Om Improvement : Steady, Comfy, Happy, Yoga.

Sunday, July 25, 2004

Thanks for your loving kindness

I would like to first extend my gratitude to all of you again for your understanding in re-scheduling the classes and for your kind wishes before I went for my retreat. Especially for the latter: I am indebted to you for my being able to grow in my practice. Let me explain how you helped me so much.

The retreat I attended focuses on Metta Meditation. Metta meditation is simple to explain: metta is loving-kindness. It is epitomised by the love of a mother for her only child. Metta meditation is simply having the good wish in your heart that all beings be well and happy, to extend that kind of motherly love to all. As I found in the past 3 days, this is not that easy to practice! First: my love experience is only limited to love of a child to a mother. We were told to think of a loved one and generate that kind of love. So I thought of my family, my good friends, my teachers, etc. Still something missing. I have got love in the form of friendship, respect, mutual understanding but love of a mother for her only child!? That’s a tall order! Unconditional love!
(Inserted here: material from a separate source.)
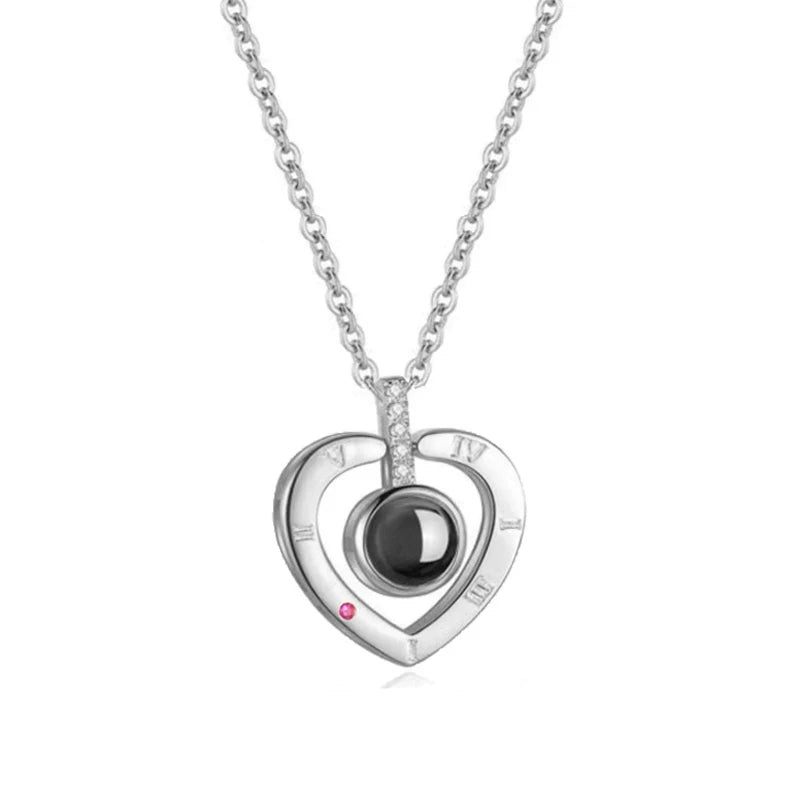 Romantic Love Heart Necklace 100 Languages I Love You Projection Necklace - Lovez Aqua© - Silver Heart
I know I am still falling short. I thought of my best friend’s child. . . ah.. . . something’s happening. I feel a joy at simply the recollection of her face. I do not need to know what she likes, what she does, I just love her. Ok. Something there, I thought. Still I have not even held her in my arms – I have not got to be with her for that long. So the feeling lasted as long as my very short memory of her lasted. Which was very short. Ok. Drawing a blank. The tough thing is that we need to generate that love AND extend it to ourselves first before extending it to others. That means I need to feel that kind of love towards myself as the first step in the practice. Wow. I thought I was going to sit there in a blank for 3 days!

Then I remembered on Thursday after yoga class, some of you wished me well and hoped that I would enjoy my retreat. As I recollected your wishes, I felt a small glow begin from within that made me feel good. Then I took the words and good intentions of your wishes and wished myself well and wished myself happiness – and then my metta meditation practice began! In the subsequent sittings, I did the same thing, I recalled your smiles and your good wishes for me and felt the glow of metta spark off. I wished myself to be well and happy, wished for my students, recalling your faces one at a time, to be well and happy, and then extended this practice to more and more people and then to the folks in the vicinity and the whole island and world. And slowly, the sense of being removed to a place a peace and joy happened – so that when I opened my eyes at the end of the practice, I am always so pleasantly surprised that I am still here – that all that joy is already present within me. So I owe much thanks to you for being my students – for allowing me to experience metta and to deliver this love to others.

Lots of insights from a meaningful retreat. I will update them one at a time on this site to share them with you. Will also upload some thoughts I scribbled down during the retreat. Of course will share more with you in class -- See you back in class this week! May you all be well and happy.